フィルの正面にはもう一つの気配。そこで自分は今まで寝てしまっていて、目の前に父がいるのだと自覚した。
フィルは咄嗟に目を瞑り、寝息の様に深く呼吸をする。
「ああ、大丈夫だ。この子は先生によく懐いている」
「し、しかしです、旦那様! まだ坊ちゃまの容態はそんなに悪くない筈です」
叫びとも取れるサマンサの声はすぐに鞭がしなる音と馬の声に消される。
「もう決めたことだ、サマンサ。口答えをするな。もうすぐ到着するからこの子を起こして袋に入れておいてくれ」
「…………はい、旦那様」
淡々とした言葉を残してすぐに父の気配は消えた。
それからフィルの頭に何度かぬくもりを感じる。それはサマンサの手のひらで、慈しむように何度も何度も彼の頭を撫でていたのだった。まるで幼子を子守唄で寝かしつけるように。

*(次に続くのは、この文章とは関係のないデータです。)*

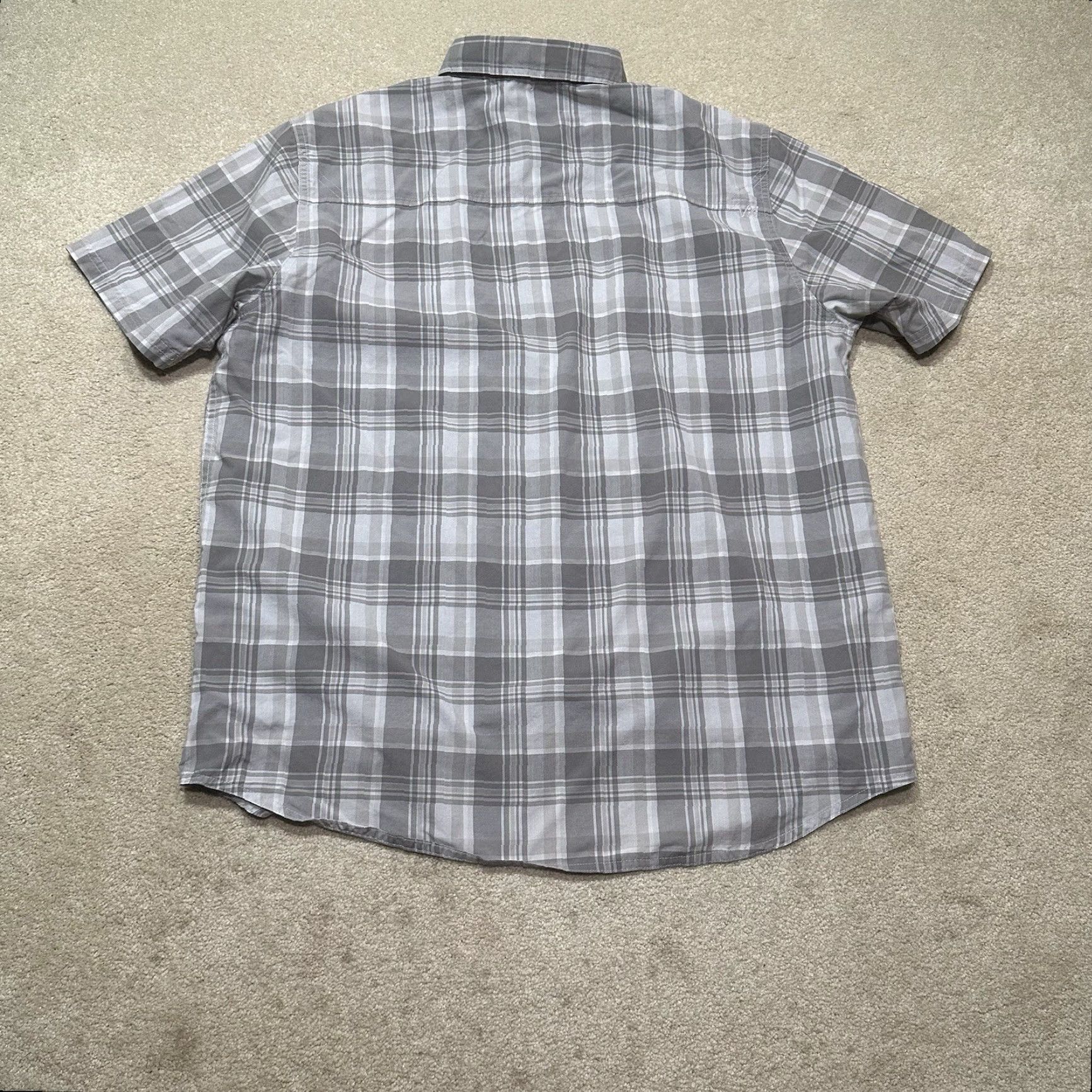 Vintage 5.11 Tactical Snap Up Shirt Mens L Gray Plaid Button-Up Short Sleeve Size US L / EU 52-54 / 3 - 3 Thumbnail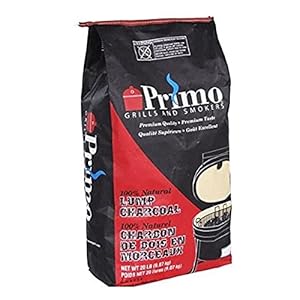 Primo 608 Natural Lump Charcoal, 20-Pound bag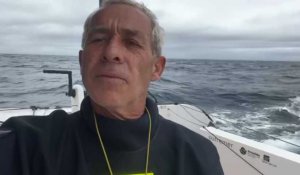 VIDÉO Route du Rhum. Rolain Jourdain : « C'est compliqué cette mise en jambe »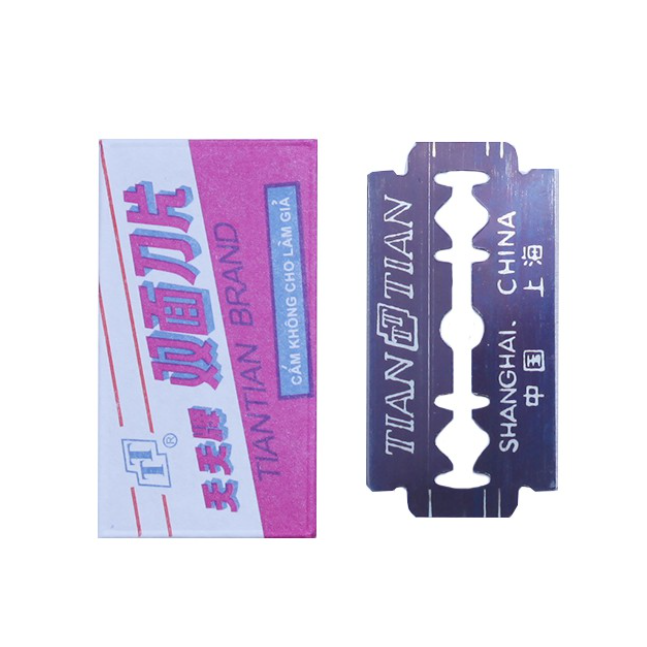Lẻ 10 Hộp Lưỡi Lam Đen TT (Hộp Nhỏ 10 Lưỡi)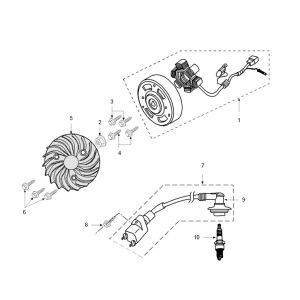 Allumage Peugeot Vivacity 3 2 temps
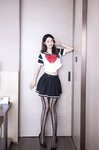 [Cosplay] 唐安琪 性感黑色短裙写真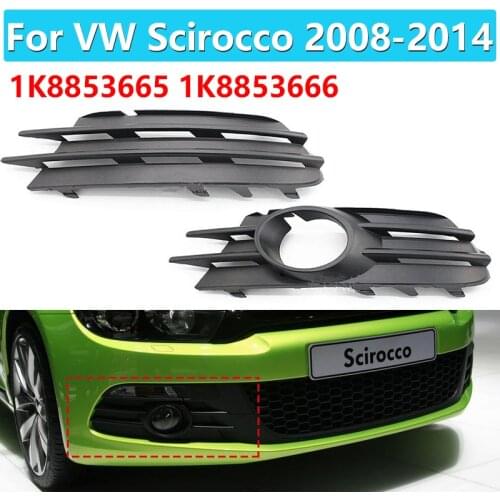 1K8853665 1K8853666 1 Pair Auto Front Left Right Bumper Fog Light Lamp Grill for VW Scirocco 2008 2009 2010 2011 2012 2013 2014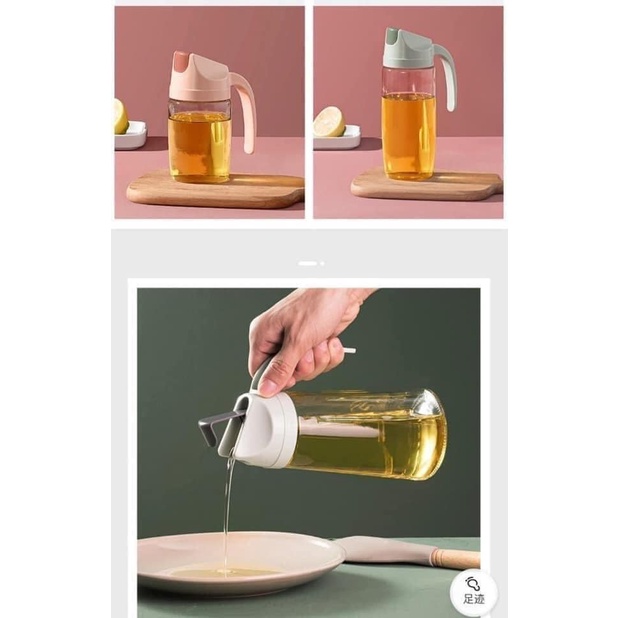 Bình rót dầu ăn, nước mắm, gia vị đa năng, tiện dụng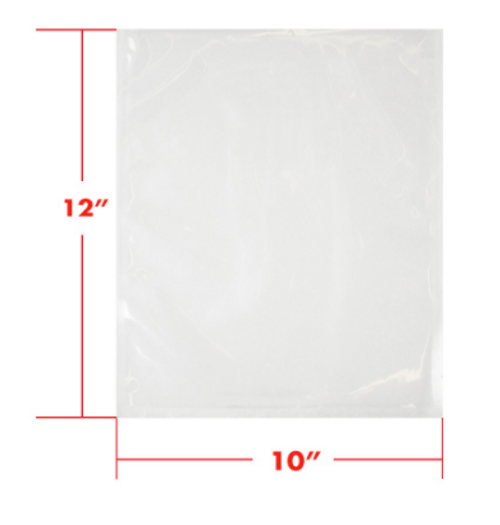 10 x 12 3mil Vacuum Barrier Bags (1,000) 10 x 12 3mil Vacuum Barrier Bags (1,000)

その手が止まると、いつものように明るい声が降ってくる。
「坊ちゃま、起きてくださいまし。もうすぐお運びいたします」
何度か肩を揺すられると、フィルは瞼を上げた。わざとらしく伸びをし、目を擦りながらサマンサを見上げる。
「うぅ、わかったよ。僕は眠ってしまったみたいだね」
「ええ、ぬかるみで馬車も揺れておりましたので、寝ていて正解でしたよ」
フィルは自ら麻の布袋に入る。中には毛布が敷いてあって、万が一に落としても衝撃が少なくなるようになっていた。
わずかに麦の匂いが残るその袋の中で、フィルはサマンサと父の会話の真相を探していた。
そんな中、馬車の揺れはなくなりぴたりと止まる。
「サマンサ、着いたぞ。早く荷物を降ろせ!」
父の厳しい声が荷台に響いた。
自らの体が浮くのが分かり、そして土を踏むサマンサの靴の音。御者と父の声、そして馬の鳴き声も段々に遠ざかっていく。
フィルには自分がどこに連れられているのかが分かった。
馬車の音が遠ざかると、麻の袋が開けられる。
視界に広がったのは木の内壁と大きなレンガ造り暖炉だった。
袋を脱ぐようにして抜け出したフィルに手を差し伸べたのは、乳母のサマンサではなく真っ白な髭を蓄えた老爺だった。
ここはアルダートン医院。またの名を“終着の家”。
フィルは情けなくぽっかりと口を開けながらその老爺の手を掴んだのだった。